ML-IAP already had access to the atoms->x array naturally, but didn’t provide it to the cython interface. To give the python code access, a pointer to the position array atom->x was added to the MLIAPData class, which is then wrapped by a cython interface class MLIAPDataPy which one can then use in python. For an efficient and zero-copy transfer of the C++ array to python, numpy is used as an interface. The only problem was that C++ arrays don’t carry information about their length, as they are just pointers to the first element in memory.
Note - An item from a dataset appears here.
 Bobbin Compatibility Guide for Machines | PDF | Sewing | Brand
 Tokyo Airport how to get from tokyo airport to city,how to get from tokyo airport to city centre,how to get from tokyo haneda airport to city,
So we looked for a variable in LAMMPS that would provide us with the number of atoms in the system, which sounds easy but was anything but. atoms->ntotal exists, but this number varies over time, even with the same number of atoms as input, due to – which took some figuring out – the presence of ghost atoms. LAMMPS uses so-called ghost atoms for inter-worker communication, allowing the simulation of larger systems via domain decomposition as described by Plimpton.

Ghost atoms in LAMMPS enable periodic boundary conditions
Ghost atoms in LAMMPS are used to simulate periodic boundary conditions.
Memory layout for atom->x and atom->f arrays
Memory layout of `atom->x` and `atom->f`, with local atoms first and ghost atoms appended.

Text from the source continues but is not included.